__Instructions to follow__.
All of the lines below are to be transcribed faithfully, with pictures excluded from the copy.

BEGIN Dataset records

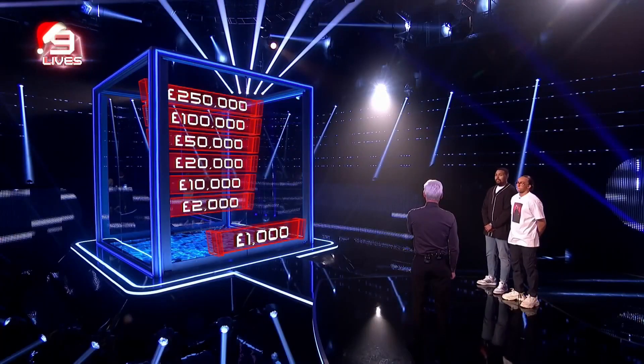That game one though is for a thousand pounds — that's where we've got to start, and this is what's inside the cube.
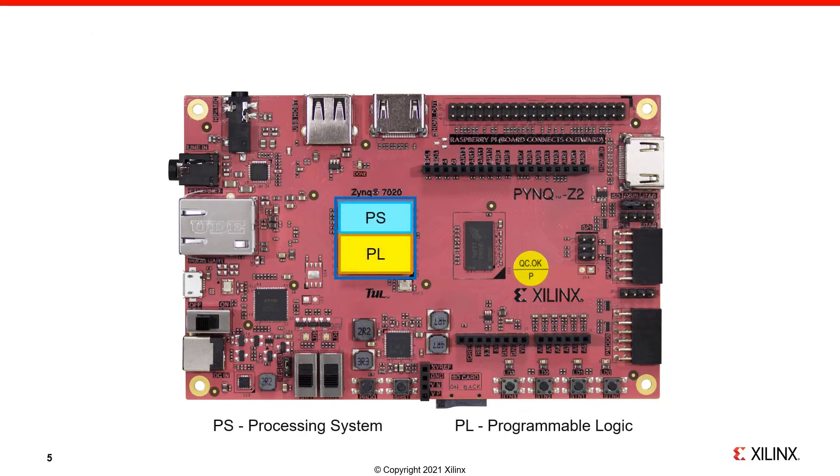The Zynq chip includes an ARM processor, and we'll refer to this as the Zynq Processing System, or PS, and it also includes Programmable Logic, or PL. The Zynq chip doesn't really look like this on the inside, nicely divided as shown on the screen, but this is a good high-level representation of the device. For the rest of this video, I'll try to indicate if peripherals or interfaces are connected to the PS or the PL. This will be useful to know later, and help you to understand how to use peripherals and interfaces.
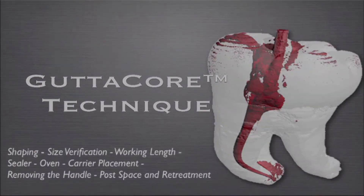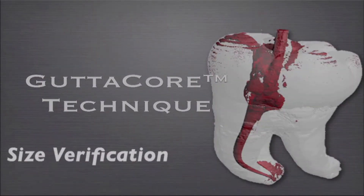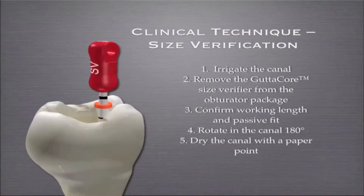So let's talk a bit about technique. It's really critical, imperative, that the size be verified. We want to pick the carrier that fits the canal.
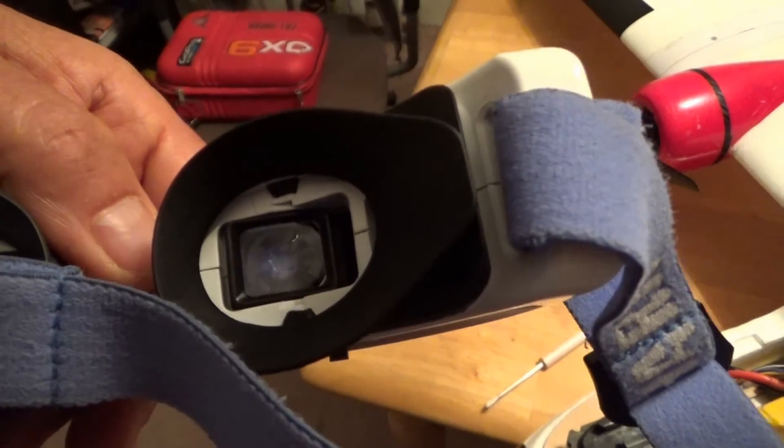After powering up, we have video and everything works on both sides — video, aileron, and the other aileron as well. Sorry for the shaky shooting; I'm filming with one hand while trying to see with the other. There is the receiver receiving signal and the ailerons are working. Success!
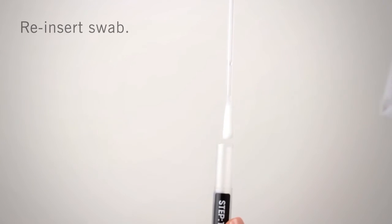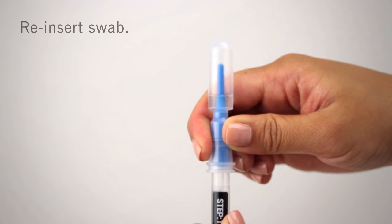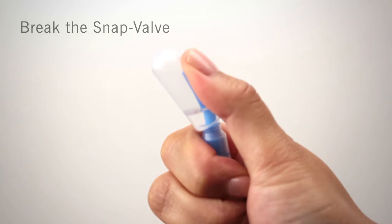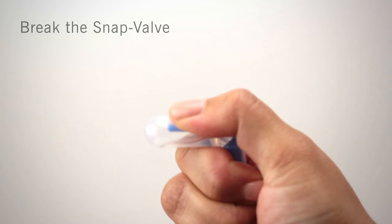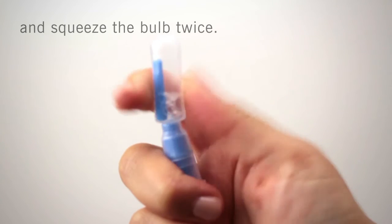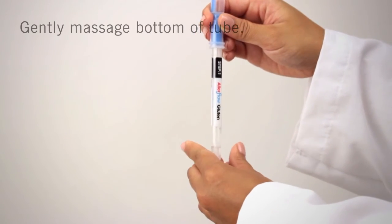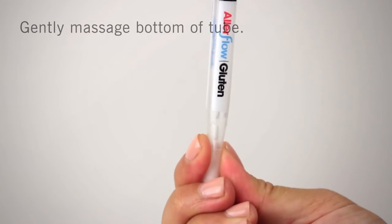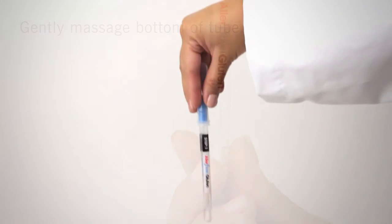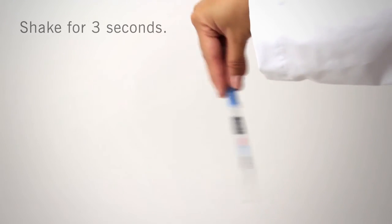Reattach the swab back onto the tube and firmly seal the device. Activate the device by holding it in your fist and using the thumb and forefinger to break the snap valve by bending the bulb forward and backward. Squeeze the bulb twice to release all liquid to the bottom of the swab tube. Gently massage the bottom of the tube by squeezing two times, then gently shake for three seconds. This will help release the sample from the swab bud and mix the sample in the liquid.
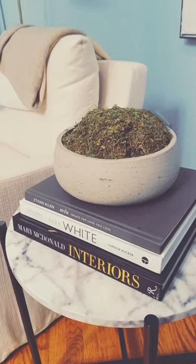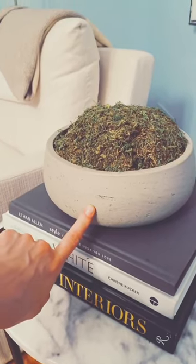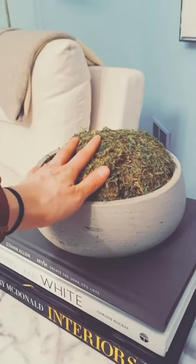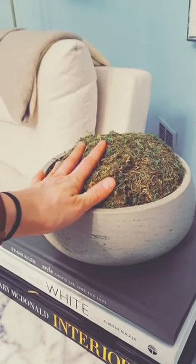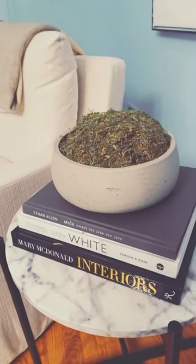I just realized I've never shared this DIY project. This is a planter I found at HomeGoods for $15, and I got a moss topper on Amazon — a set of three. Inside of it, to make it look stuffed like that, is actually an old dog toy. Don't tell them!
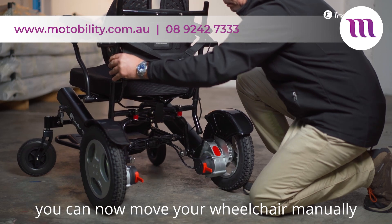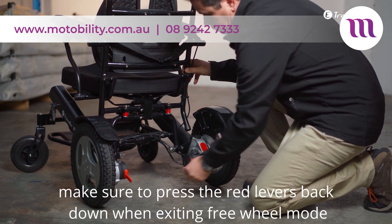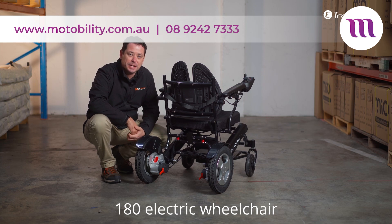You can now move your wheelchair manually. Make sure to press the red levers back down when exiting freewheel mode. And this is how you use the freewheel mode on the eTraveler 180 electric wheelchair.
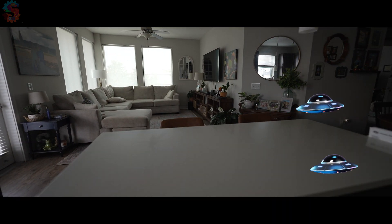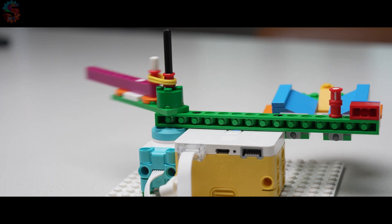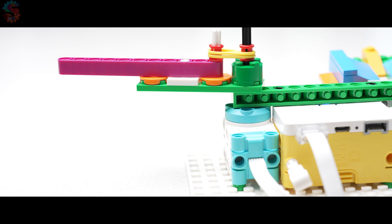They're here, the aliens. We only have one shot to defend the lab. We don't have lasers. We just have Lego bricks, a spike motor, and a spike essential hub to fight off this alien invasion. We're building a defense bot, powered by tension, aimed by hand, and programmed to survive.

END Dataset records

__Response to this task__.
That game one though is for a thousand pounds — that's where we've got to start, and this is what's inside the cube.
The Zynq chip includes an ARM processor, and we'll refer to this as the Zynq Processing System, or PS, and it also includes Programmable Logic, or PL. The Zynq chip doesn't really look like this on the inside, nicely divided as shown on the screen, but this is a good high-level representation of the device. For the rest of this video, I'll try to indicate if peripherals or interfaces are connected to the PS or the PL. This will be useful to know later, and help you to understand how to use peripherals and interfaces.
So let's talk a bit about technique. It's really critical, imperative, that the size be verified. We want to pick the carrier that fits the canal.
After powering up, we have video and everything works on both sides — video, aileron, and the other aileron as well. Sorry for the shaky shooting; I'm filming with one hand while trying to see with the other. There is the receiver receiving signal and the ailerons are working. Success!
Reattach the swab back onto the tube and firmly seal the device. Activate the device by holding it in your fist and using the thumb and forefinger to break the snap valve by bending the bulb forward and backward. Squeeze the bulb twice to release all liquid to the bottom of the swab tube. Gently massage the bottom of the tube by squeezing two times, then gently shake for three seconds. This will help release the sample from the swab bud and mix the sample in the liquid.
I just realized I've never shared this DIY project. This is a planter I found at HomeGoods for $15, and I got a moss topper on Amazon — a set of three. Inside of it, to make it look stuffed like that, is actually an old dog toy. Don't tell them!
You can now move your wheelchair manually. Make sure to press the red levers back down when exiting freewheel mode. And this is how you use the freewheel mode on the eTraveler 180 electric wheelchair.
They're here, the aliens. We only have one shot to defend the lab. We don't have lasers. We just have Lego bricks, a spike motor, and a spike essential hub to fight off this alien invasion. We're building a defense bot, powered by tension, aimed by hand, and programmed to survive.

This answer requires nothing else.